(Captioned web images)

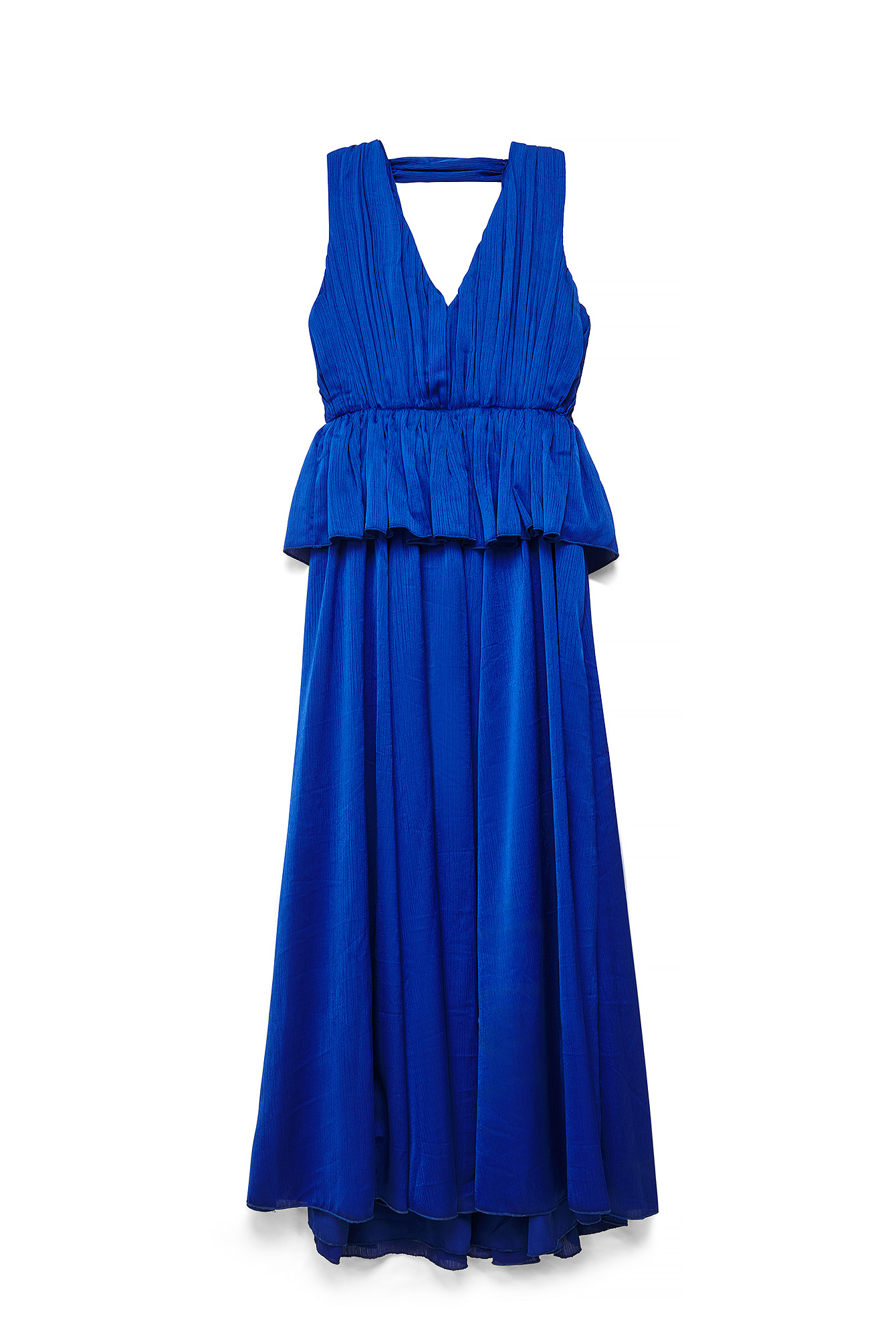 Cobalt Plunge Neckline Scarf Maxi Dress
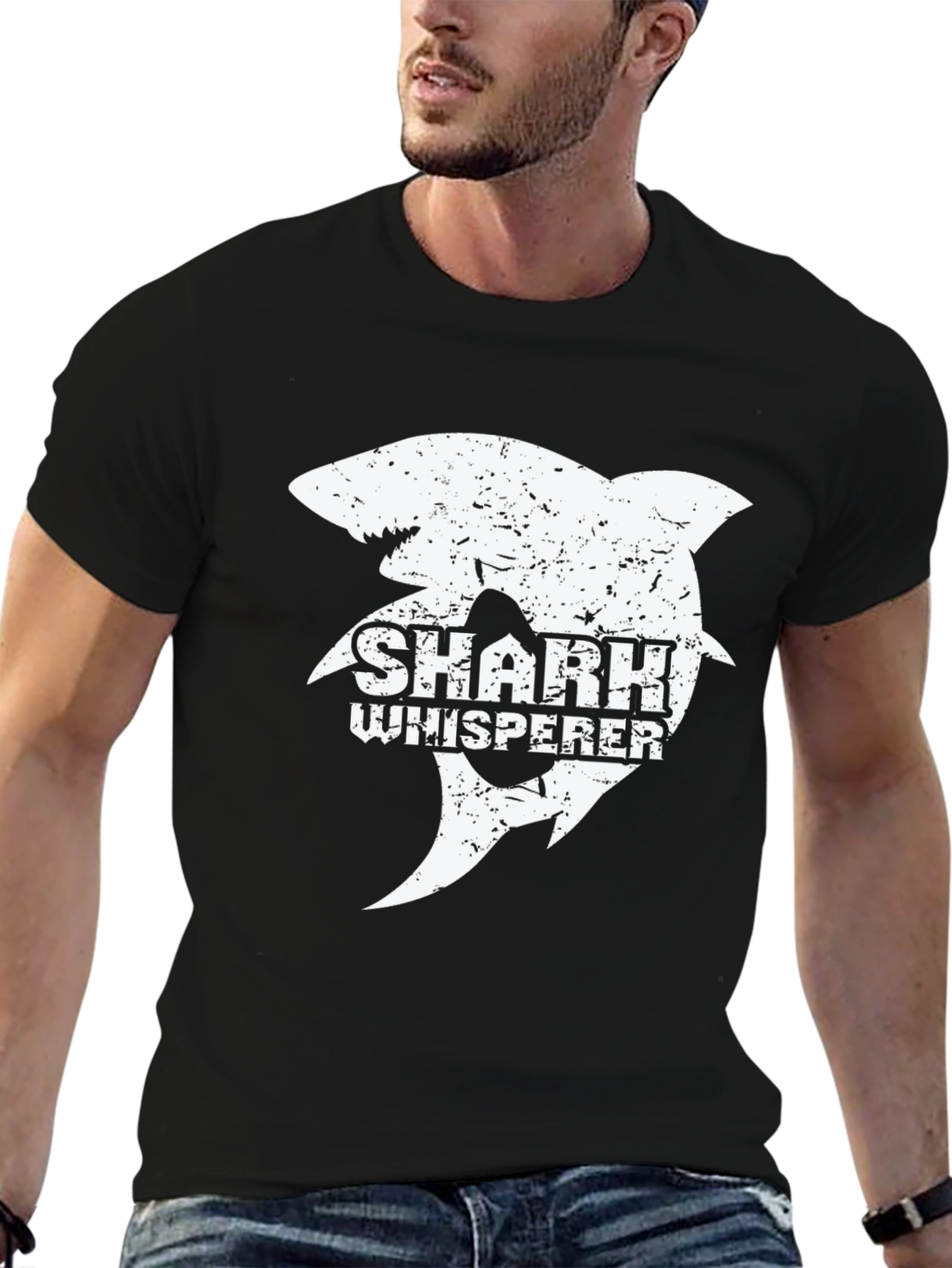 Shark Whisperer Graphic Tee - Black Cotton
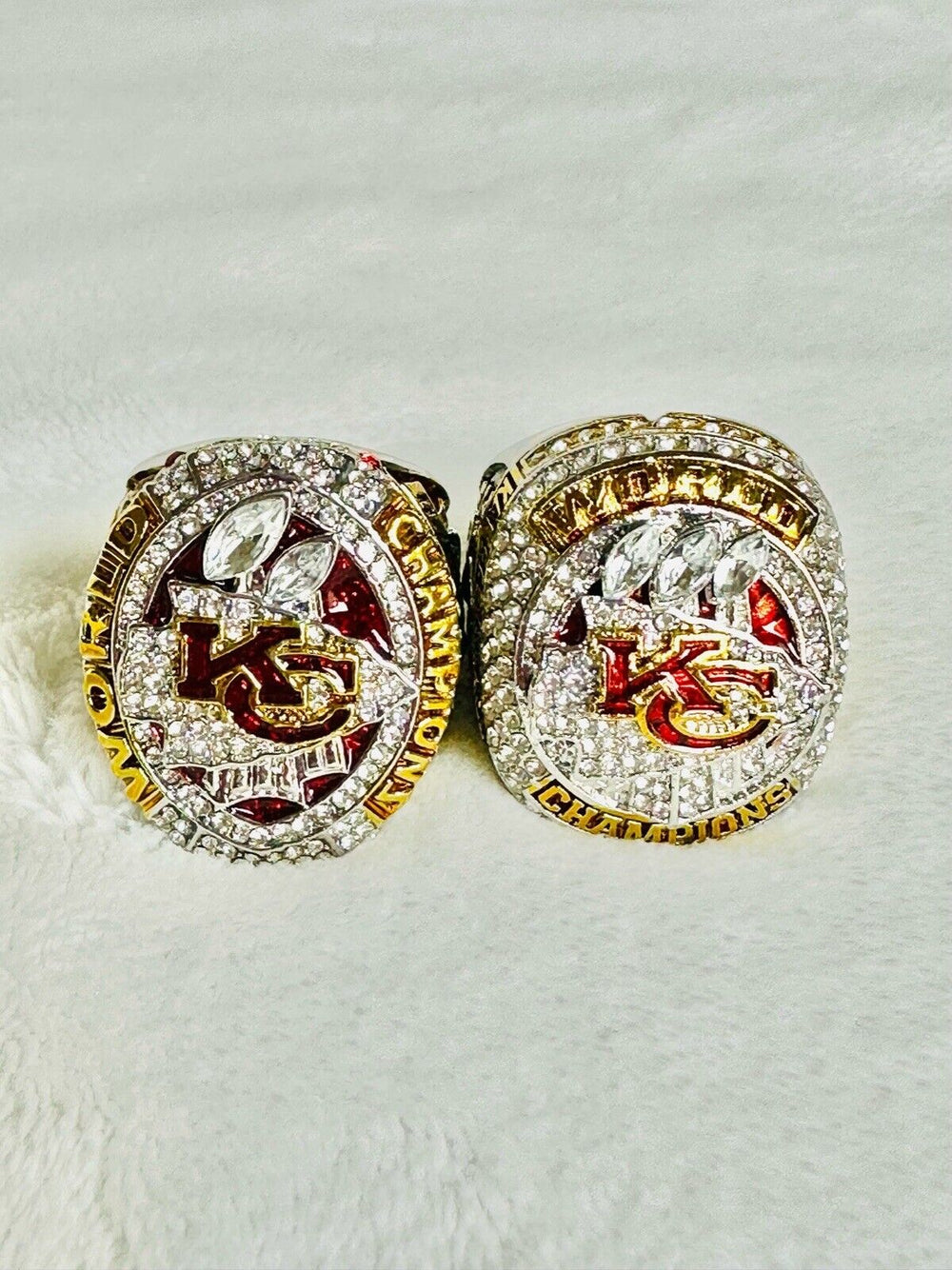 2 PCS Kansas City Chiefs Super Bowl Ring Set W Box, Mahomes, US SHIP 2019/23 - EB Sports Champion's Cache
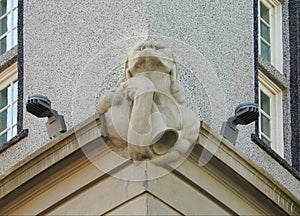 Detail of the design of the corner of the facade of the house in Art Nouveau style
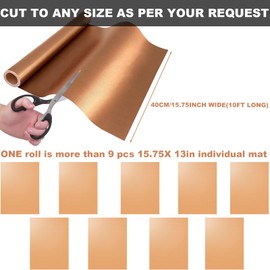 BBQ Grill Mat Roll, Cut to Size Grill Mats for Outdoor, Non-stick Accessories for Gas, Charcoal, Electric Grill, 15.75IN x 10 FT(Copper)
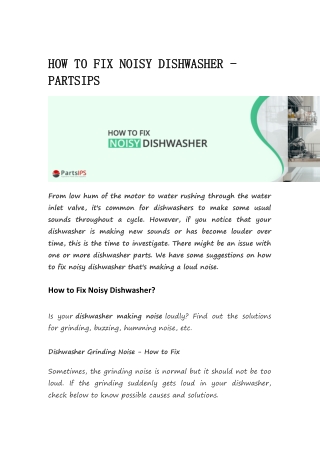 HOW TO FIX NOISY DISHWASHER-partsips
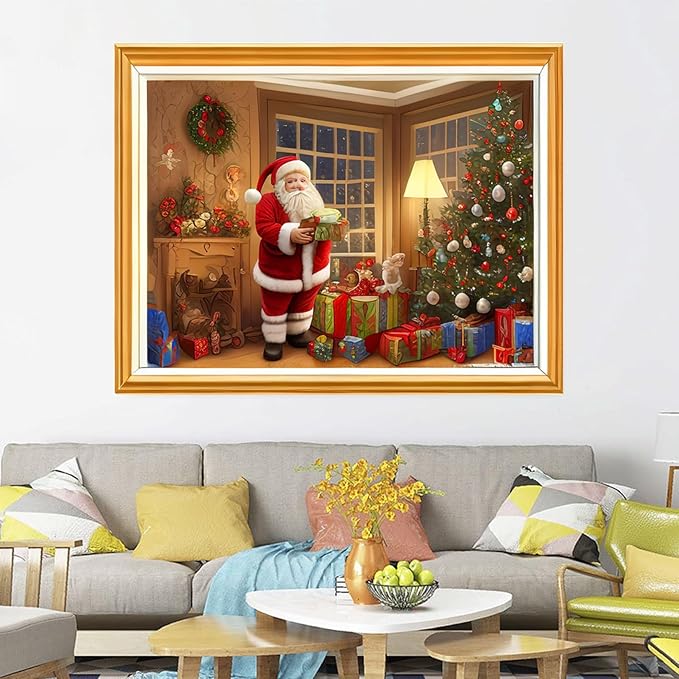 Joyhoor Cross Stitch Kits for Beginners Stamped Cross-Stitch Supplies Needlework preprint Embroidery Kits for Adults DIY Needlepoint Kits Embroidery Patterns 11CT-Santa Claus 16x20 inch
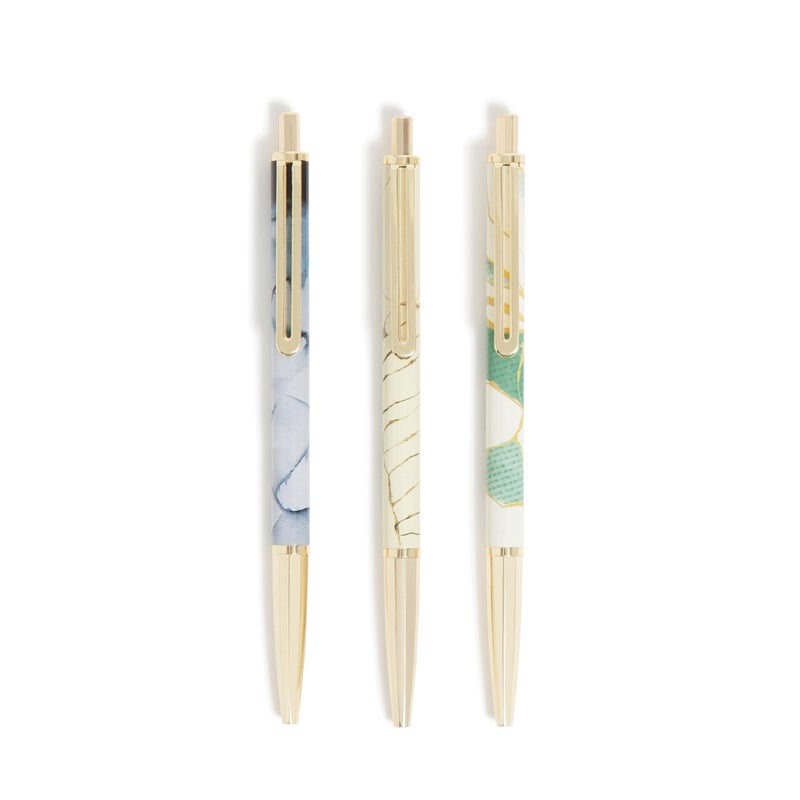 U Brands Avalon Gel Pens, 3 Count, Set in Stone, Gold Details, Medium (0.7 mm) Point, Black Ink - Image 1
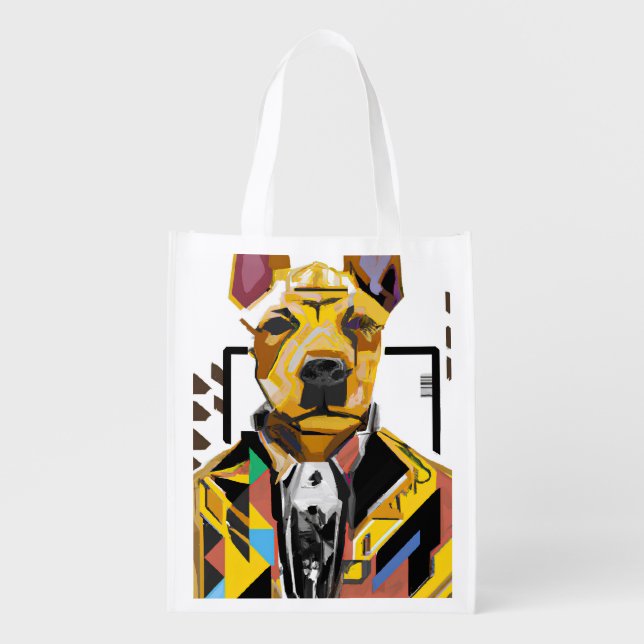 Dog Wearing a Suit: Digital Art Grocery Bag (Front)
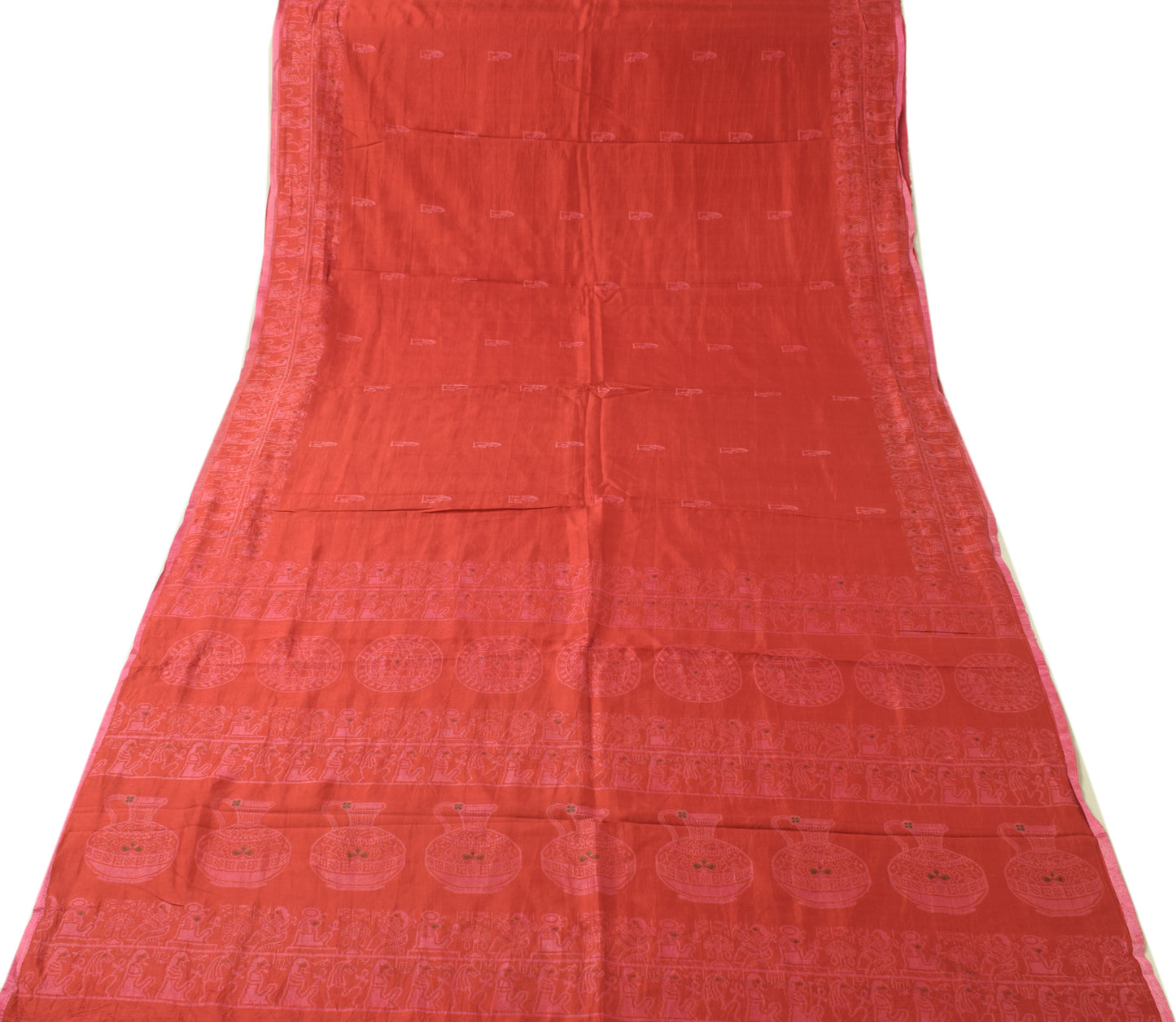 Sushila Vintage Red Saree 100 Pure Silk Woven Sari 5 Yard Indian Craft Fabric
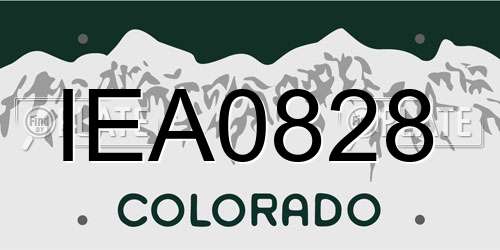 IEA0828 Colorado License Plate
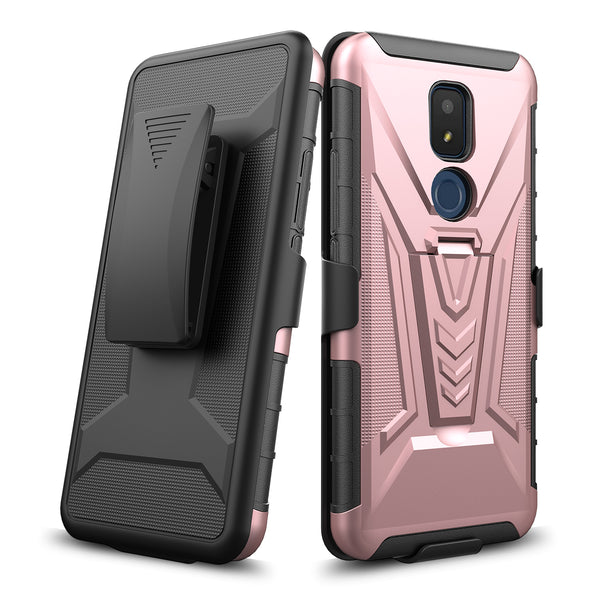 holster kickstand hyhrid phone case for cricket iocn 3 - rose gold - www.coverlabusa.com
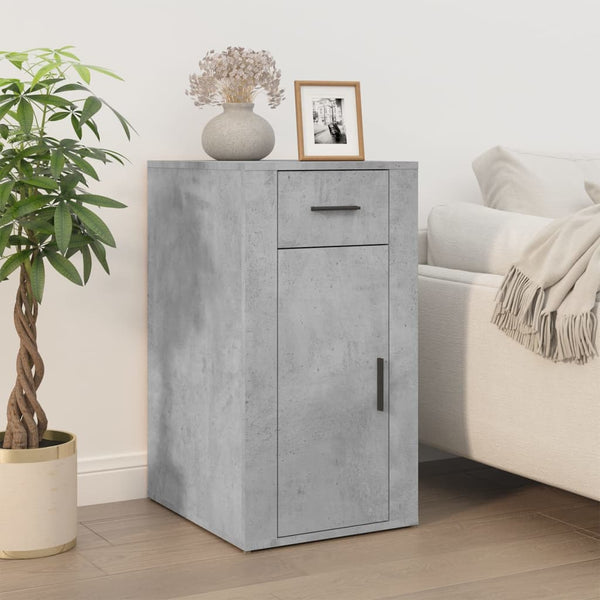 vidaXL Desk with Storage Concrete Grey Engineered Wood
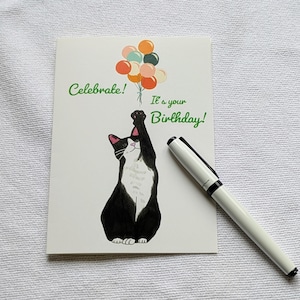 carte d'anniversaire | Chat | Célébration | Mignon | Drôle | Occasion | Animal de compagnie | Joyeux | Animaux | Carte de voeux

## Task to carry out
Your copy should consist only of the lines from the one containing "holster kickstand hyhrid" through the last line of the entries above, reproduced exactly, without pictures.

## Result
 holster kickstand hyhrid phone case for cricket iocn 3 - rose gold - www.coverlabusa.com
 vidaXL Desk with Storage Concrete Grey Engineered Wood
 carte d'anniversaire | Chat | Célébration | Mignon | Drôle | Occasion | Animal de compagnie | Joyeux | Animaux | Carte de voeux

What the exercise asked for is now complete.